There would be no reason to make Super Mario Brothers. In fact, we can thank new hardware for having these new Mario games.


The only reason why Super Mario World was made was to sell the Super Nintendo hardware. The only reason why Mario 64 was made was to sell Nintendo 64 hardware.

PC games also used new hardware to make new games. However, games were finished and put on the shelf. New games were made. Food that stayed in the refrigerator became…


Some games that have been around too long are beginning to stink such as World of Warcraft. I think Star Citizen runs the risk of becoming spoiled because the food has been in the refrigerator too long.

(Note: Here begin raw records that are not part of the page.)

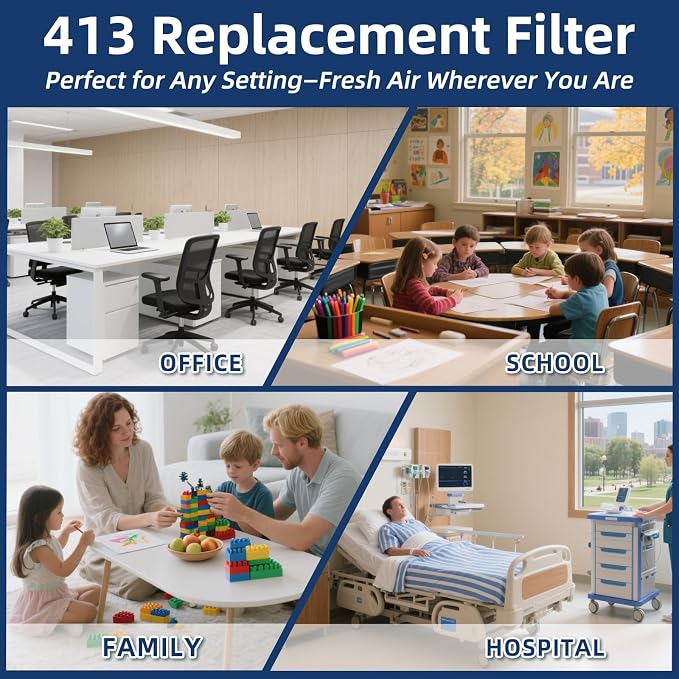 3 Pack 413 Replacement Air Filter, MERV 13, Actual Size: 16"x28"x4", Nominal - Image 7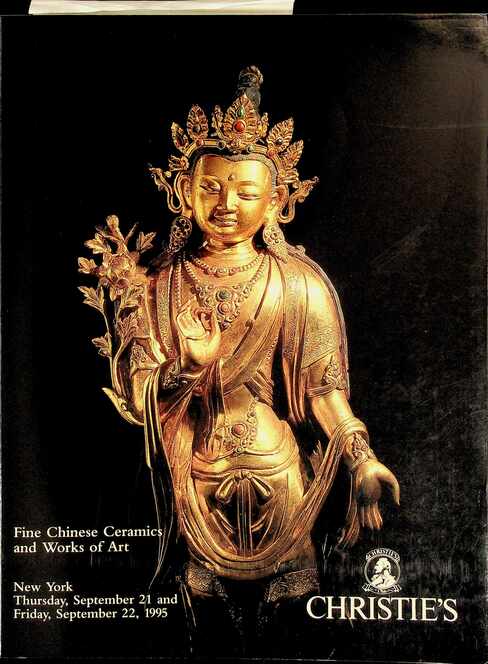 Christies September 1995 Fine Chinese Ceramics & Works of Art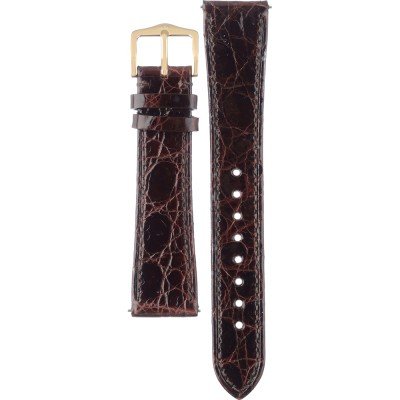 Hirsch 18920810-1-18 Genuine Croco Strap
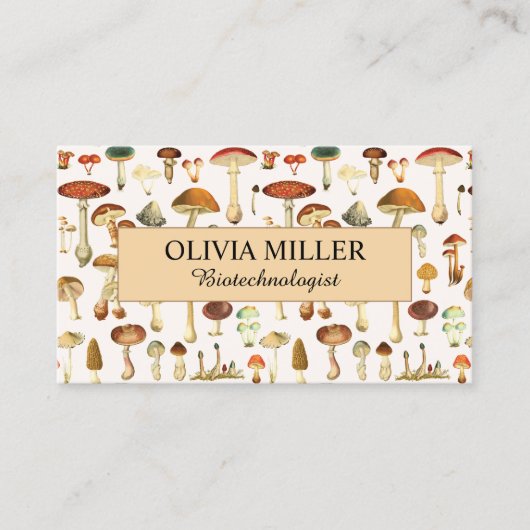 名前パーソナライズされたヴィンテージ名刺 コーリングカード (正面)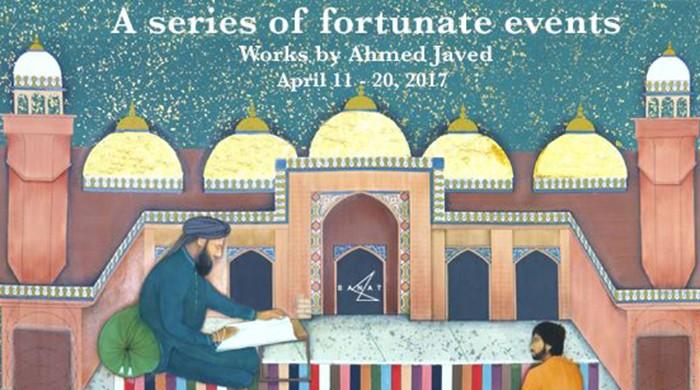 A series of fortunate events — Miniature works by Ahmed Javed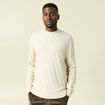 Pull manches longues col rond sable homme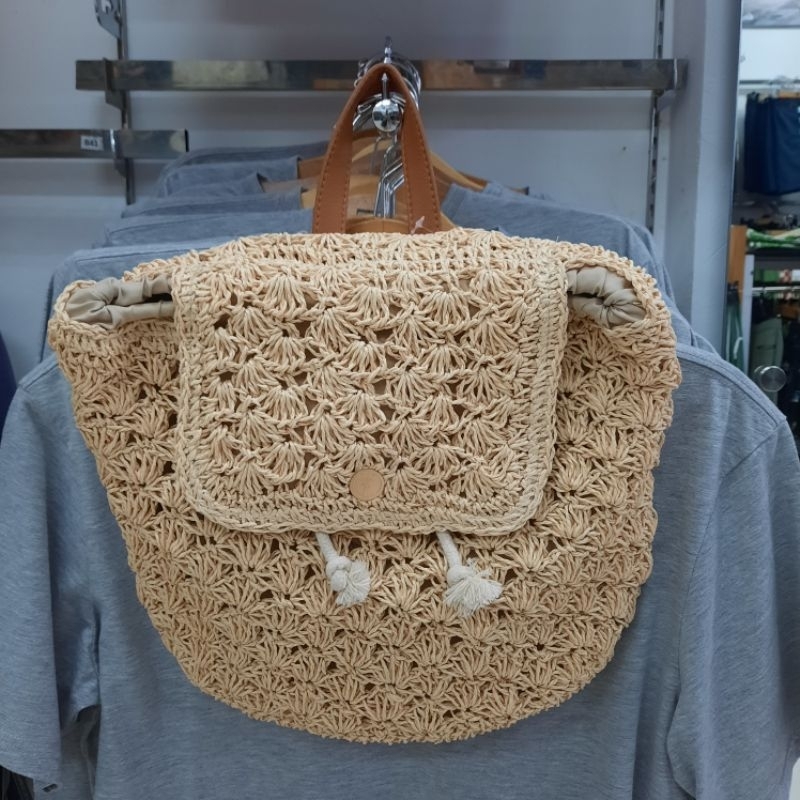 Tas Ransel Rajut Roxy Original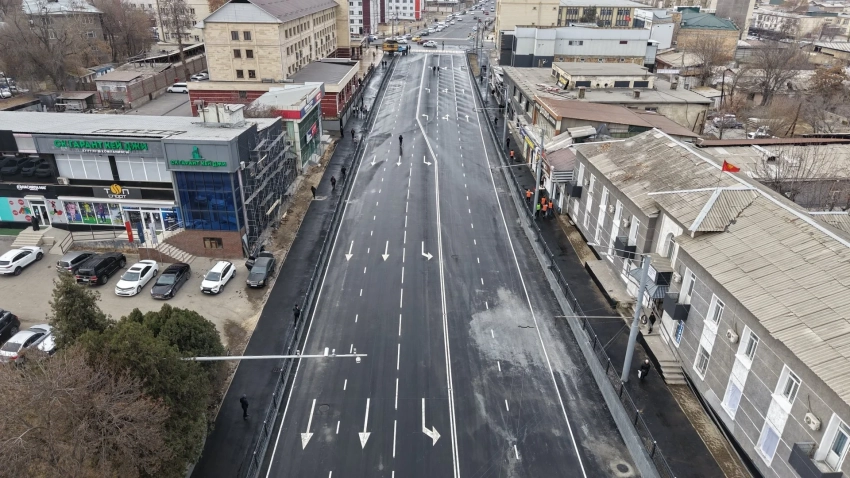 Улица Навои в Оше введена в эксплуатацию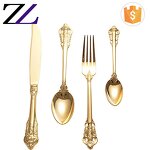 Flatware Set Manufacturer - 18/10 Stainless Steel Golden Mirror Polished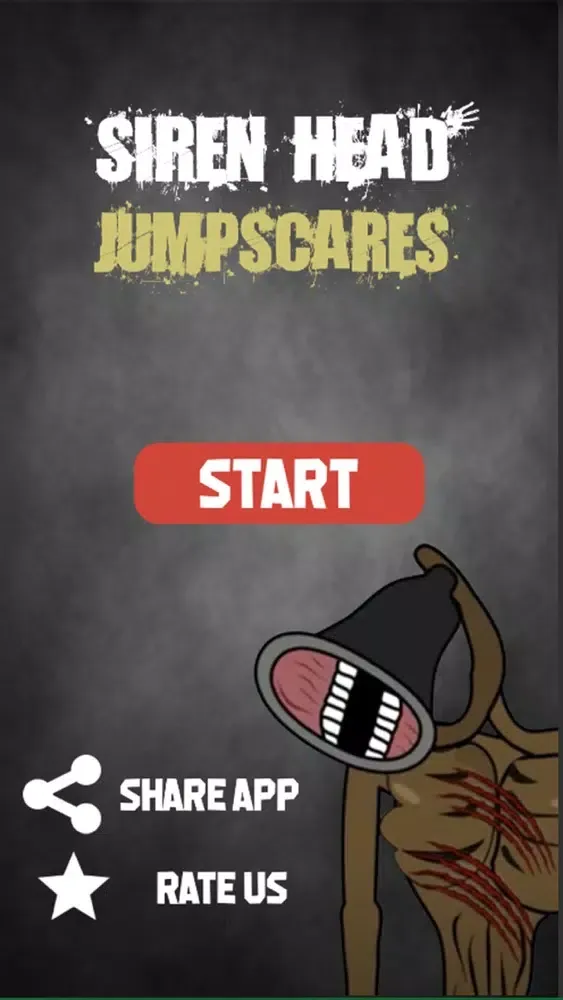 Tangkapan layar Siren Head jumpscare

This is what Steve Jobs alluded to when he said ‘Real Artists Ship’.

The thing about the creative medium is that it is very easy to get ideas. Everyone has ideas. Even the gamers have ideas. The gamers will then broadcast their ideas to the developers and say, “Make this!” where the developers laugh at them. The developers have tons of ideas. Ideas are all over the place. Once they are crystallized into a product, they need to get put out there.

The problem that marks Starcraft 2 is the same problem that marks World of Warcraft. Games, such as Starcraft Brood War or Warcraft 3, revolved around the gamer. Now, the games revolve around Blizzard. Blizzard believes it is the star where everything should revolve around. Gamers should revolve around Blizzard.

How did you play Starcraft: Broodwar? This is how I played it:

Single Player Campaign (Played until it got hard and then used cheat codes through out it. Still fun!)

Random Multiplayer on Battle Net, mostly with friends. Played LAN at times. Played to win, but never played for ‘mastery’.

Spent most of the time in StarEdit making maps and testing them out with friends. My favorite type of map was a terran fort defending against an overrun zerg swarm. It was like this:

“But Malstrom, Starcraft wasn’t based on Starship Troopers.” Bullshit. I know for a fact it was.

The point was when I loaded up Broodwar, I chose the editor, single player, multiplayer, whatever, based on what I wanted to do. It was not based on what BLIZZARD wanted. There were no daily quests. There were no experience bars. There was no psychological warfare against me. There was no addiction aside from the sweet gameplay. There was no false sense of achievement. It was just a fucking game, not a crutch for psychologically weak people to feel accomplishment in a virtual world.

I don’t think they are trying to ‘fix’ Starcraft 2 but trying to create ‘endless addictions’ to fuel DLC and a Free-To-Play model.